REQUIRED ACTION
Using the records below, copy exactly the part that opens with the line holding "トヨタ GSR50 エスティマ" and closes with the line holding "Townhouse in Homestead, Florida", minus the pictures.

EXERCISE INPUT
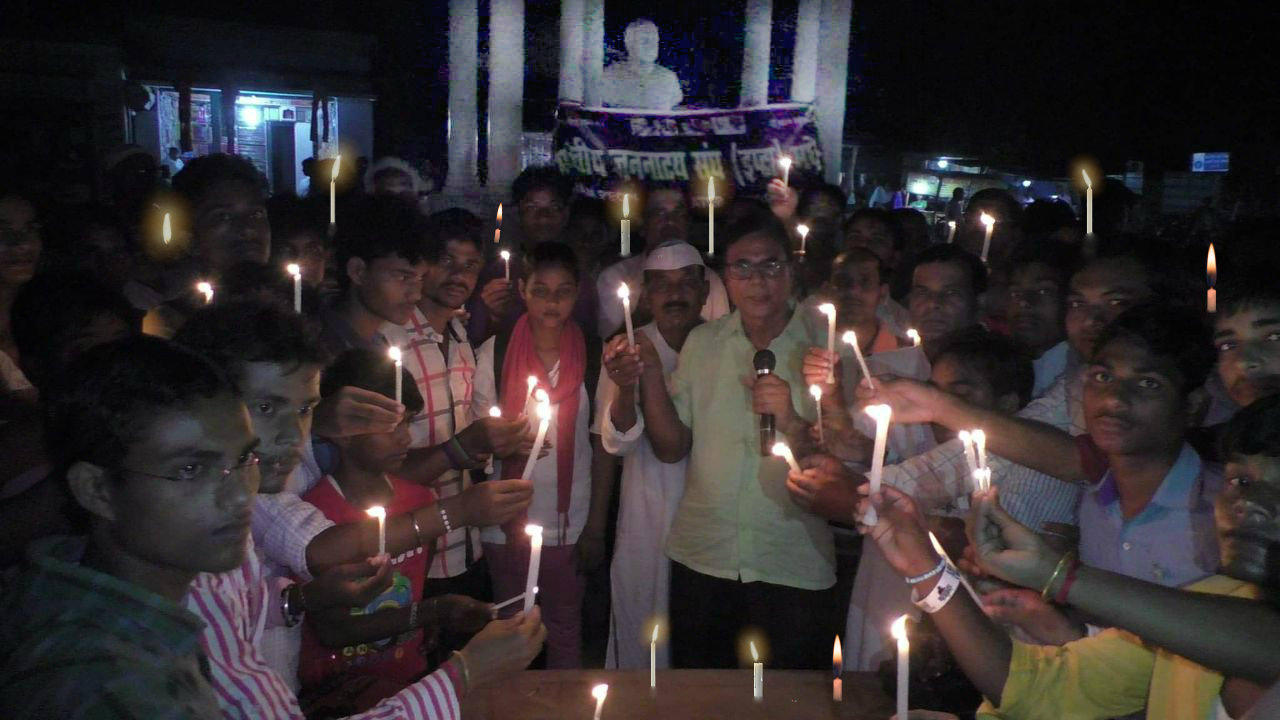 Samajsevi Dr.Bhupendra Madhepuri along with the citizens of Madhepura paying homage to Udi Attack Martyrs at Bhupendra Chowk Madhepura.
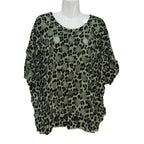 Camiseta Lacandona oversize mangas murciélago animal print círculos calados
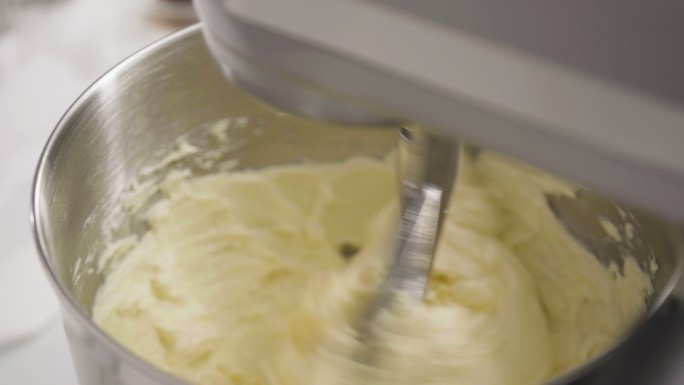 制作奶油霜装饰香草蛋糕。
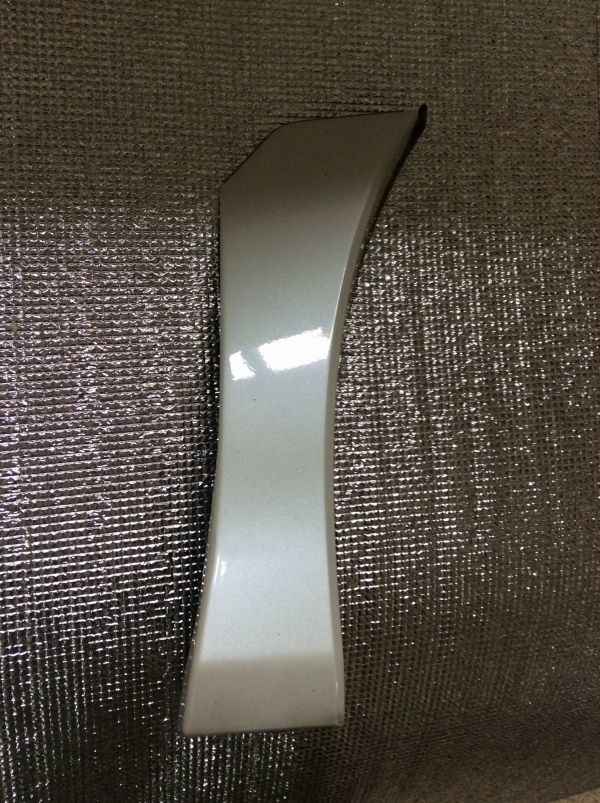 トヨタ GSR50 エスティマ 右フロントフェンダープロテクター モール マッドガード 070 NO.1589拍卖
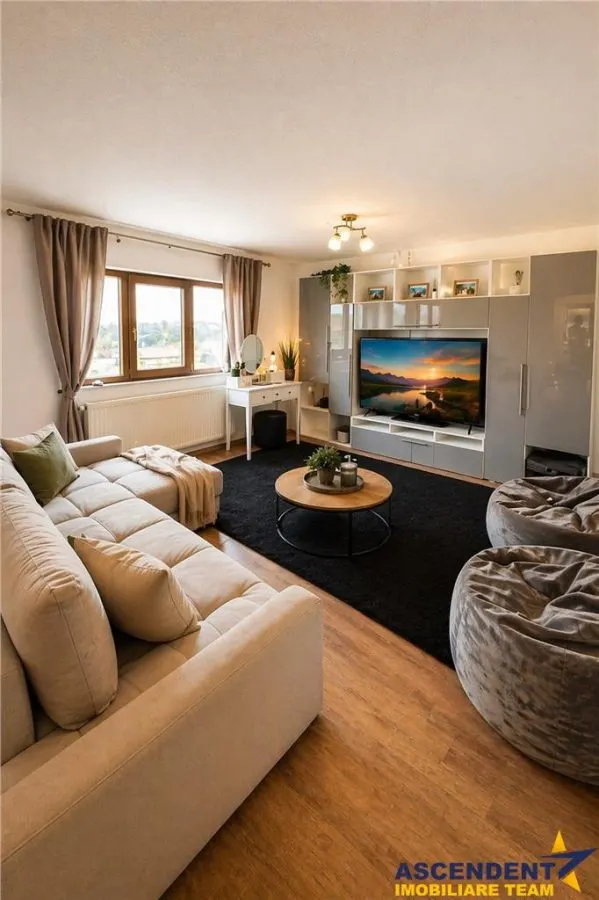 Casa individuala, P+1, renovata, mobilata, Sanpetru, Brasov - foto 1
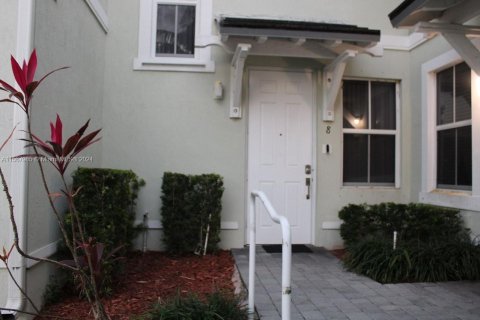 Townhouse in Homestead, Florida 3 bedrooms, 126.81 sq.m. № 1128666 - photo 1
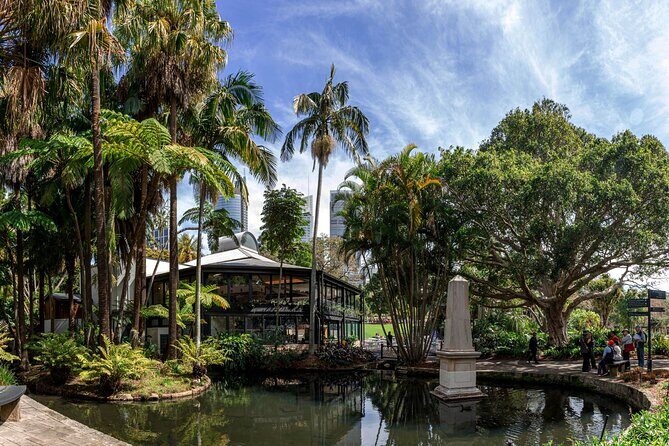Picnic in the Royal Botanic Gardens for 2 - A Romantic Picnic in Sydney’s Royal Botanic Gardens: An Authentic & Tasty Experience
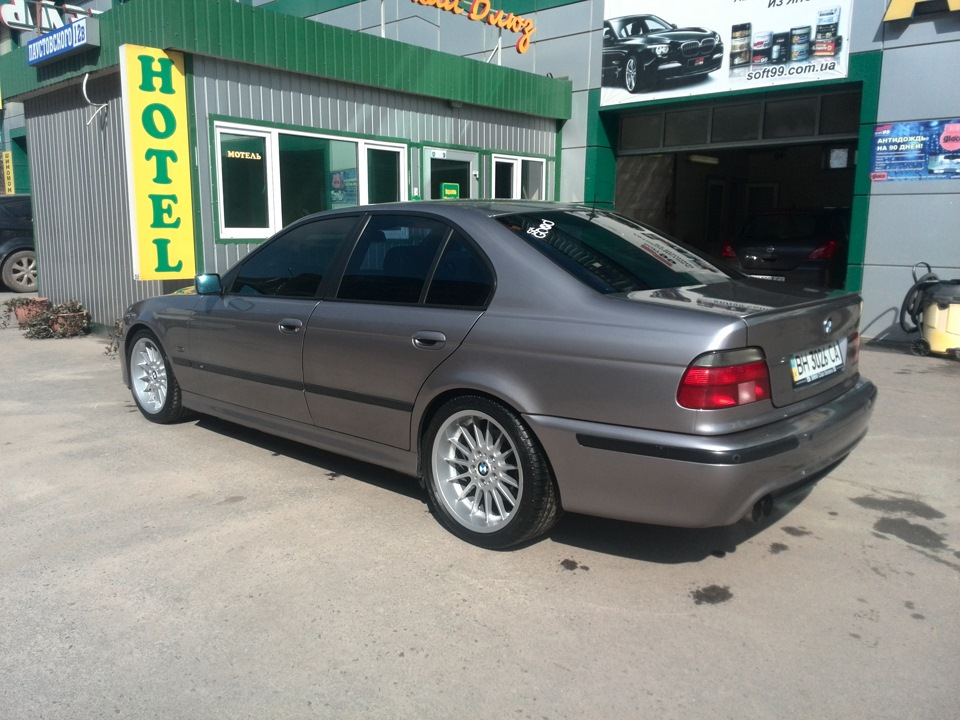 Поставив r18 колеса + весняне миття! 2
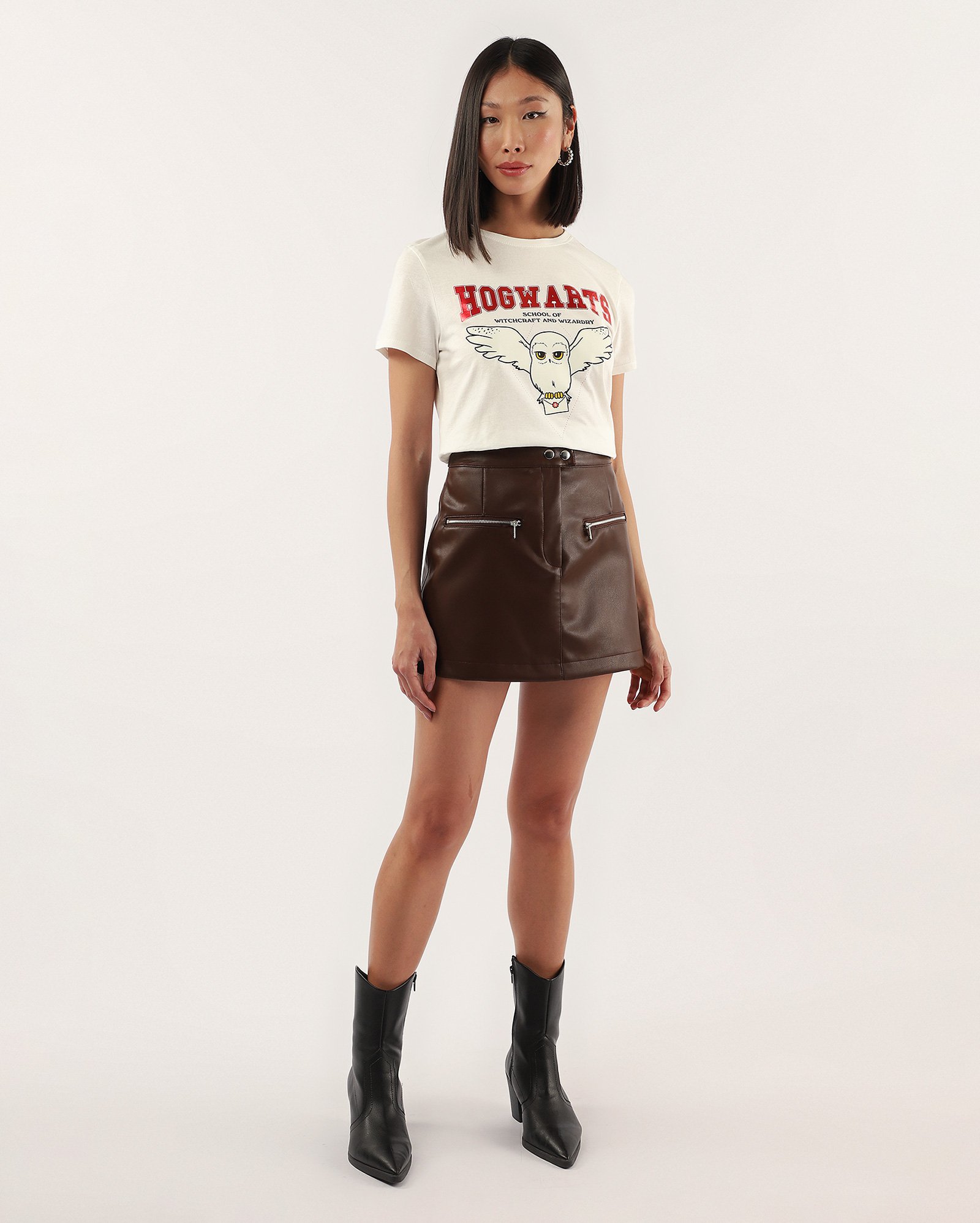 Camiseta feminina slim Harry Potter Hogwarts branca | Warner Bros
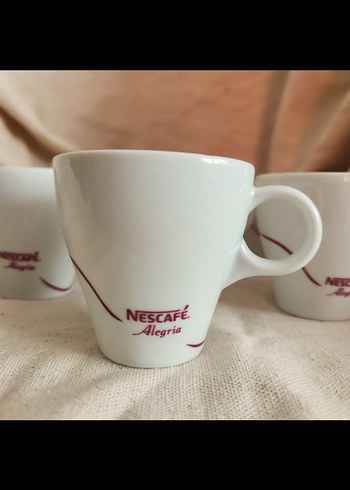 Beyaz Nescafé Alegria Kahve Fincanı - Görsel 5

YOUR SOLUTION
 トヨタ GSR50 エスティマ 右フロントフェンダープロテクター モール マッドガード 070 NO.1589拍卖
 Casa individuala, P+1, renovata, mobilata, Sanpetru, Brasov - foto 1
 Townhouse in Homestead, Florida 3 bedrooms, 126.81 sq.m. № 1128666 - photo 1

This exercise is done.